[[ DATASET RECORDS open ]]

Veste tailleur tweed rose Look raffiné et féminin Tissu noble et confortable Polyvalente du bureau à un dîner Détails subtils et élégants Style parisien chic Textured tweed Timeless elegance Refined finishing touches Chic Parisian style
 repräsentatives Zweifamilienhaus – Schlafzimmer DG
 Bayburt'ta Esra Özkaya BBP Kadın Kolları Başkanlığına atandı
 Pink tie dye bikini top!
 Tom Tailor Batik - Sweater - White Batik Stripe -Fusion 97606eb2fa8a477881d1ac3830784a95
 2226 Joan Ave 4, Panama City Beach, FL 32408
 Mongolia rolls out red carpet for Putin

[[ DATASET RECORDS closed ]]

### BRIEF:
Every entry shown above should be written out again without a single difference.

### THE COMPLETED TASK:
Veste tailleur tweed rose Look raffiné et féminin Tissu noble et confortable Polyvalente du bureau à un dîner Détails subtils et élégants Style parisien chic Textured tweed Timeless elegance Refined finishing touches Chic Parisian style
 repräsentatives Zweifamilienhaus – Schlafzimmer DG
 Bayburt'ta Esra Özkaya BBP Kadın Kolları Başkanlığına atandı
 Pink tie dye bikini top!
 Tom Tailor Batik - Sweater - White Batik Stripe -Fusion 97606eb2fa8a477881d1ac3830784a95
 2226 Joan Ave 4, Panama City Beach, FL 32408
 Mongolia rolls out red carpet for Putin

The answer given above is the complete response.